A Diving Officer is found in this community, which is Restricted Line (RL), more on that shortly. EDO here means Engineering Duty, not EOD, Explosive Ordnance Disposal.

Other officer communities have dive-qualified officers, such as SEAL, EDO.

Then there are enlisted Navy Divers, personnel who perform as divers in various warfare communities.

Second. Unrestricted Line (URL) officer communities are the main warfare communities, surface, aviation, submarine, SEAL, EOD, etc. Those officers can serve in or out of their communities, and can serve in command at sea as well as shore in an unrelated field. A naval aviator can command an operational squadron but also non-aviation units ashore. In that sense, they are restricted.

RL officers are line officers who specialize in their community area, may command in that area, and typically always work in their job field. These include EDO, IW (Cyber, Intel, Meteorological, etc.), HR, etc.

Staff Corps officers are the professional staffs of the Navy: Medical, Nurse, Dental, Medical Service, Civil Engineering (CEC), JAG, etc. As with RL, they work in their job field and may command in their field.

Each of these has various paths to commissioning or transferring to that community. USNA and NROTC mission is to produce Navy (and Marine Corps) URL officers for the Fleet and Corps. A small number out of USNA may go RL or Staff, especially if a pre-comm med DQ precludes them from going URL.

At a certain point in their career, usually after they have earned their community warfare qualification, officers may competitively apply to another community. A SWO officer might apply to go HR. A submarine officer might apply for the Navy Law Education Program and then move into JAG Corps. An aviator might apply for intel.
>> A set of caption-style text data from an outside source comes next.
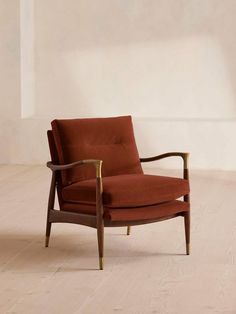 a red chair sitting on top of a hard wood floor next to a white wall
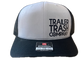 A black and white trucker hat with 'TRAILER TRASH COMPANY' printed on the front panel and a visible 'Moto 112' sticker on the side, shown against a plain white background.
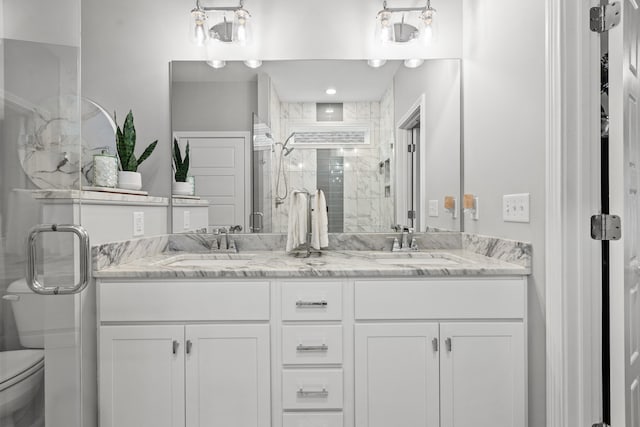 bathroom with vanity, a shower with shower door, and toilet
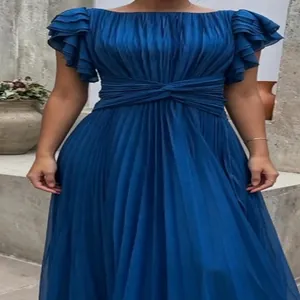 Close-up detail of an elegant blue pleated floor-length dress with a stylish waist twist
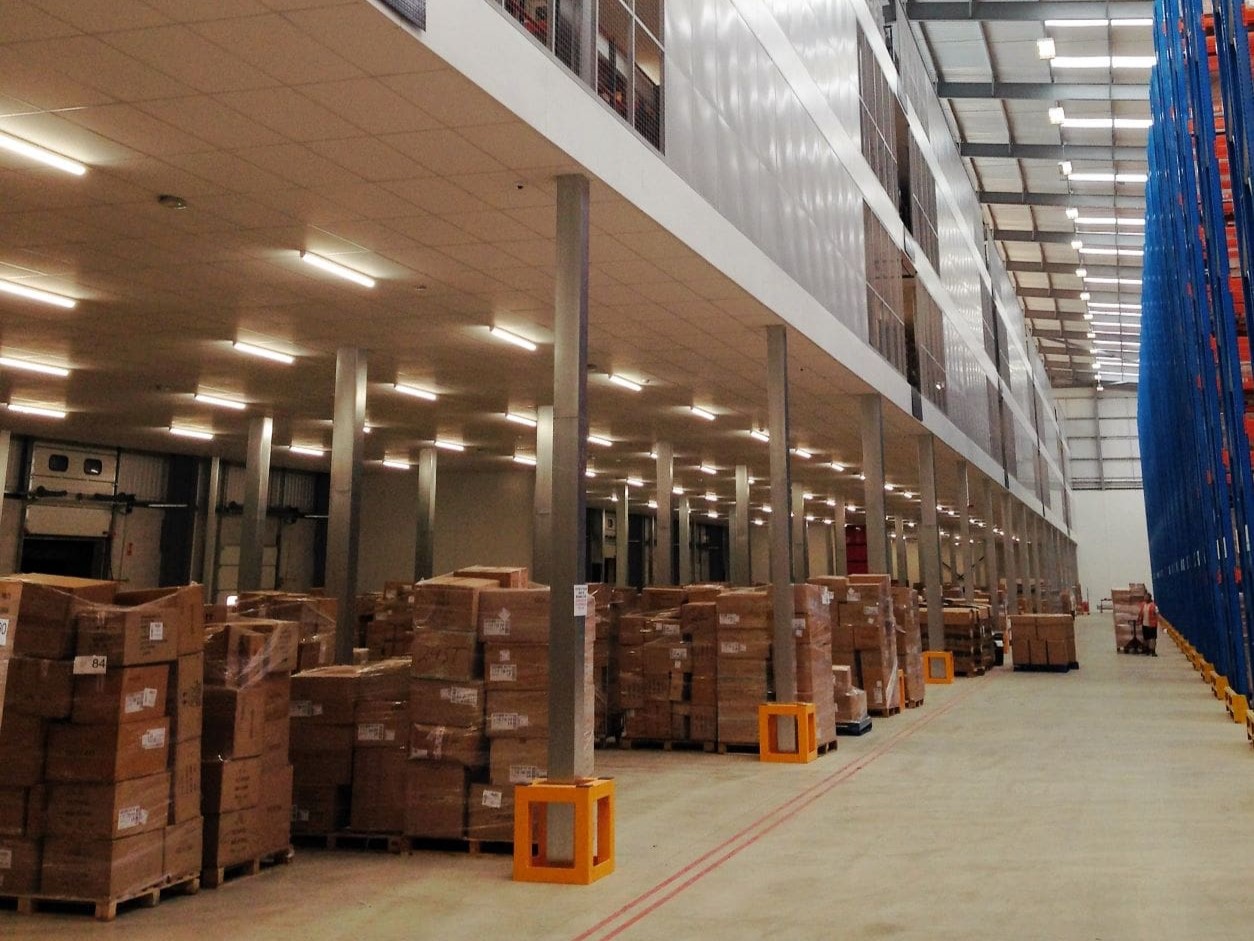 warehouse with mezzanine and pallets of goods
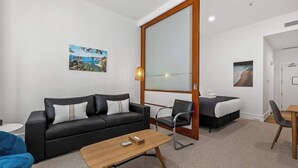 Une chambre d’hôtel moderne avec un canapé noir, une table basse en bois, un lit recouvert d’une couette blanche et un grand miroir.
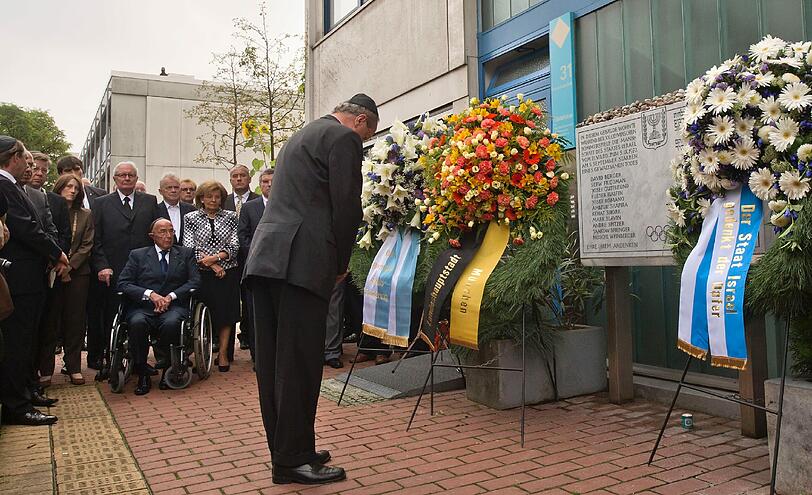 Münchens Oberbürgermeister Christian Ude (SPD, v.r.) verbeugt sich vor der Gedenktafel am ehemaligen Quartier der israelischen Mannschaft von 1972, während im Hintergrund unter anderen der Praesident des Deutschen Olympischen Sportbundes (DOSB), Thomas Bach, Bayerns Kultusminister Ludwig Spaenle (CSU), Charlotte Knobloch, und das israelische Mitglied des Internationalen Olympischen Komitees (IOC), Alex Gilady (im Rollstuhl) sind.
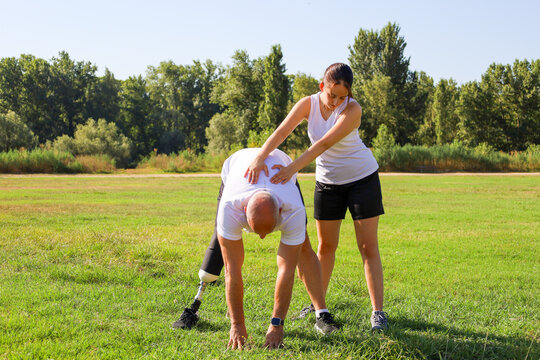 Man with a prosthetic leg exercising outdoors with his daughter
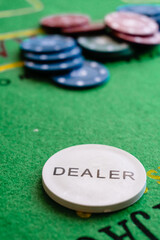 poker chips and dices on the green table of casino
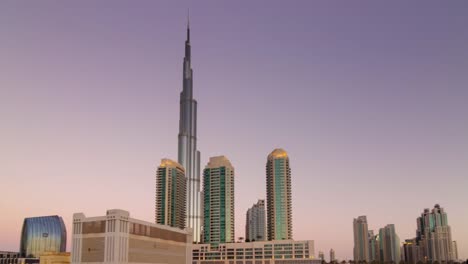 puesta-de-sol-luz-dubai-ciudad-mundial-más-alto-edificio-del-hotel-panorama-4-tiempo-k-lapso-Emiratos-Árabes-Unidos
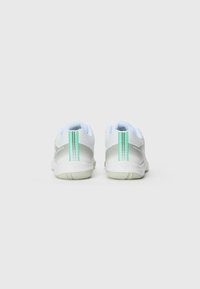 Des chaussures de sport blanches avec une tige lisse en argent et en maille, arborant une bande d'accent verte et une semelle en caoutchouc texturée.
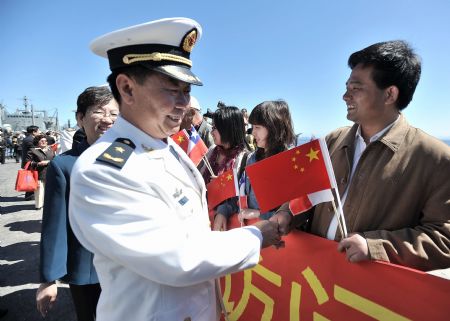 Rear Admiral Wang Fushan (L front), deputy commander of the Chinese Navy North Sea Fleet, is welcomed as Chinese fleet arrives at the harbor in Valparaiso, Chile, Nov. 23, 2009. The Chinese People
There are some “deals,” out there, such as SWO-ED, where it’s guaranteed if you perform well and gain SWO qual, you’ll be sent to ED program - these deals change with the needs of the Navy. Or, while in college, an aspiring Navy officer might do their homework in what academics are required and apply for Navy OCS during senior year in college. Everyone going to OCS knows their path before coming in. OCS and its counterpart ODS, both in Newport, RI, handle most of the RL and Staff direct accessions.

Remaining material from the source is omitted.